Cesar challenges youth to healthy snacks.
MIKE Program youth challenged a group of eighth-grade students to a test during the last days of school this year. The youth didn’t use paper or pencils for this test. The youth visited their local grocery store for testing materials to entice the students into a healthy snack taste test.
Cesar, one of the young men with MIKE’s afterschool program at Miller Education Center West in Hillsboro, Oregon, wanted to impress his classmates with his newly-gained skills in nutrition and cooking. He remembered watching his older peers share their healthy food ideas in years past. Now, he said it was his turn.
“Your life is only as good as your health,” said Cesar. “We need to start being healthy now.”
After months of actively participating in MIKE, the youth were determined to come up with healthy snack alternatives that their younger peers would actually prepare and eat.
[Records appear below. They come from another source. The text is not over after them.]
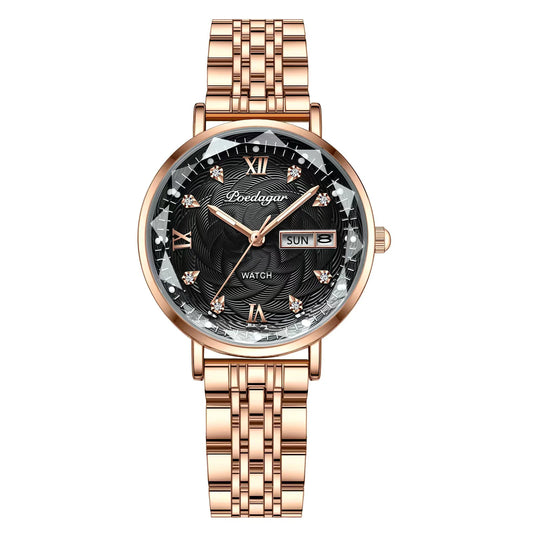 Poedagar 3012 Women's Luxury Quartz Watch – Stainless Steel Band, Waterproof, Date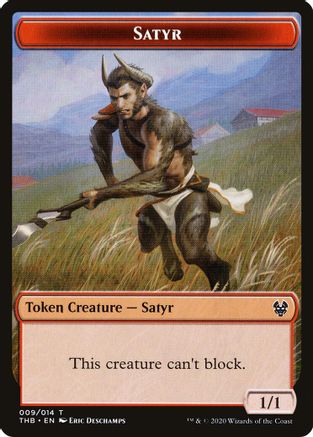 Image of Satyr // Wolf Double-Sided Token (THB-9 // 11) - Theros Beyond Death Tokens Foil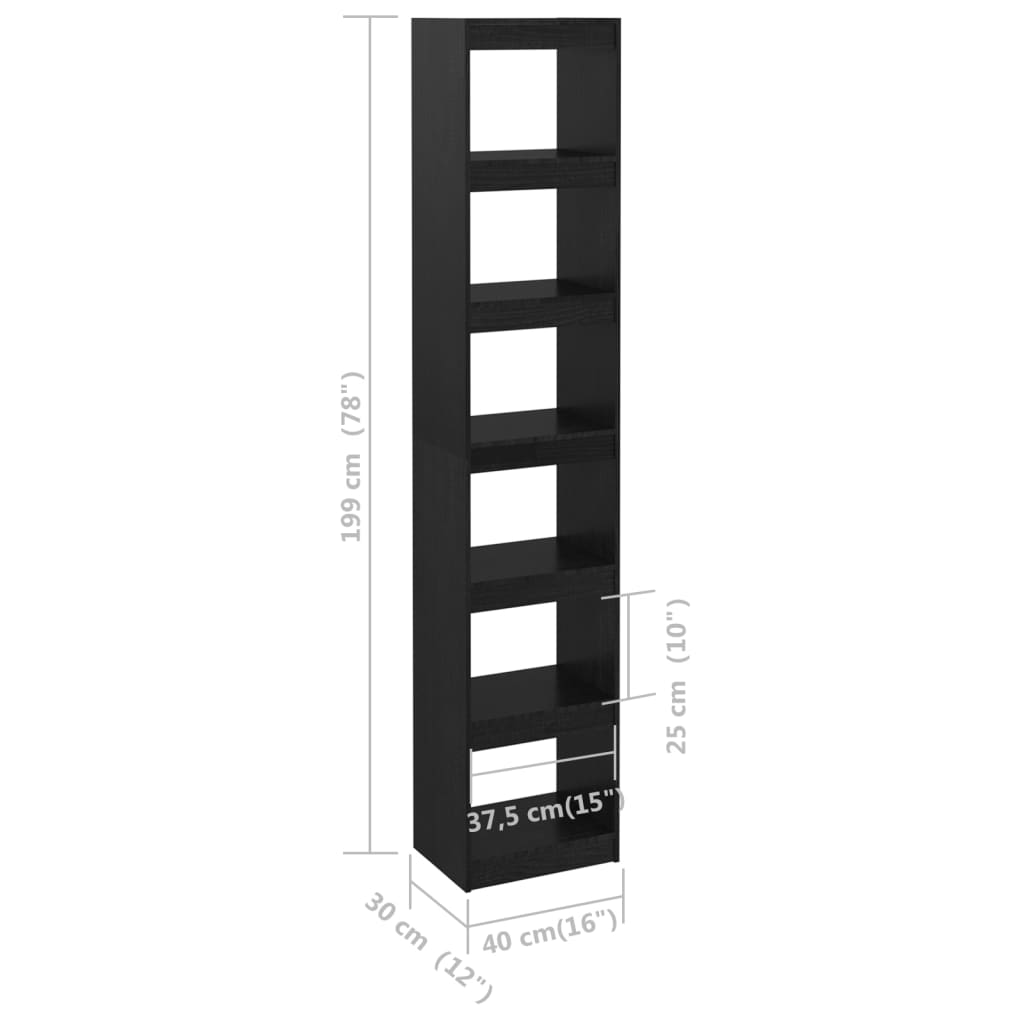 vidaXL Bibliotecă/Separator cameră negru 40x30x199 cm lemn masiv pin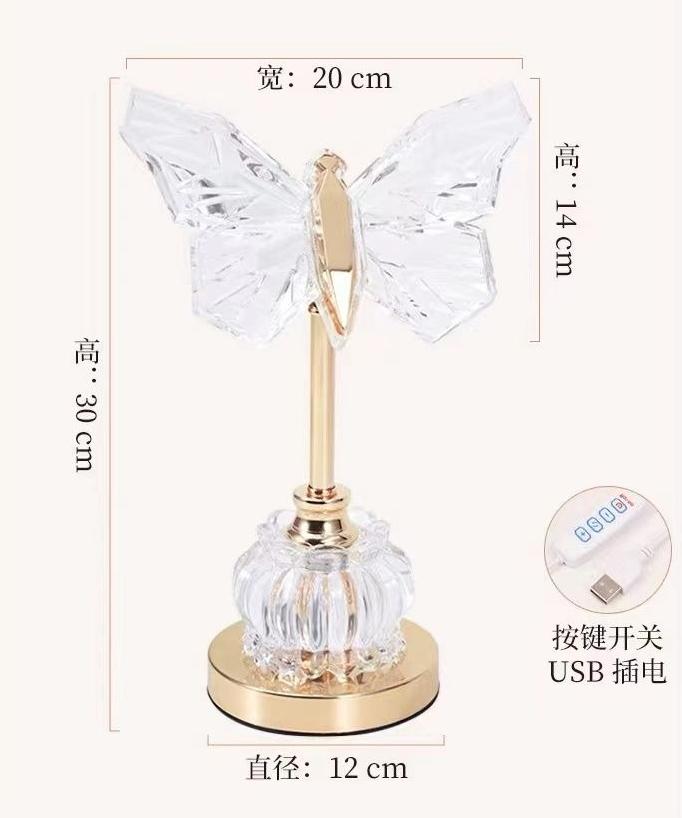 Table Lamp Retro Gold Acrylic Butterfly LED Desk Lamp Hotel Villa Art Decor LED Table Light Living Room Bedside LED Desk Lights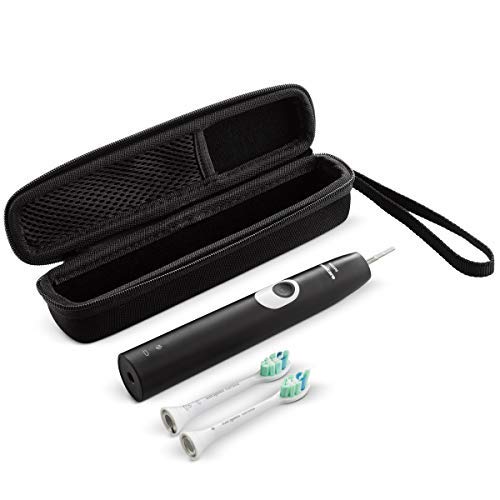 Toothbrush Case for Sonicare 5300 4100 5100 6100, Oral-B 1000, AquaSonic | Protective hardshell fits top electric toothbrushes. water-resistant storage pouch with charger mesh pocket, wrist strap.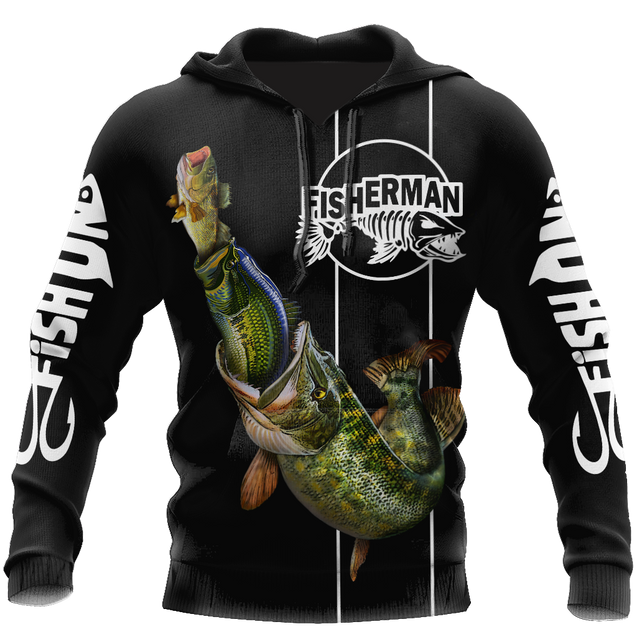 The great fish eats the small Black Fishing 3d print shirts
Cesar and his team focused on how they could convince eighth graders that healthy snacks can be easy to make and delicious. Cesar knew that this project would involve more than posters to change minds, so he and his teammates arranged for a cooking demonstration. The youth invited their younger peers and several teachers to the presentation inside the school’s cafeteria.
Cesar and two of his classmates introduced their guests to chicken and vegetable roll-ups as a main snack or lunch item. Cesar and his teammates took turns explaining how each item contributed to a healthy diet, as they mixed the ingredients before their audience. They scooped the mix onto spinach wraps, rolled them up and served them to their eager peers.
For a second round, the team featured a fresh-fruit cup. Cesar said the combination of melons, mangoes, strawberries and lime are a traditional choice in his Latino community. He convinced his younger peers to try a cultural take with the snack by sprinkling some Pico Limon onto the fruit. The spicy seasoning added a lively flavor that intrigued the young taste-testers. By the time the eighth graders returned for more samples, the room was filled with conversations about the snacks and how to bring the ideas home.
The health leadership projects offer youth a means to connect with their communities. MIKE equips youth with the knowledge, skills and confidence to create youth-driven solutions aimed at improving health. MIKE’s health leadership projects provide youth with a community-service outreach experience for developing leadership skills and advancing health equity.
“At first MIKE seemed like just another program,” said Arlen. “But it became way more than that. It became a family-friendly environment where we not only learned and taught, but grew together as a whole.”
Of the 29 health leadership projects MIKE youth delivered this year, 35 percent were focused on healthy eating. It was the top theme of choice for the youth, who fanned out into their communities to share their ideas with more than 740 youth, families and community members.
Luis prepares for his cooking demonstration.
MIKE youth present a healthy snacks presentation.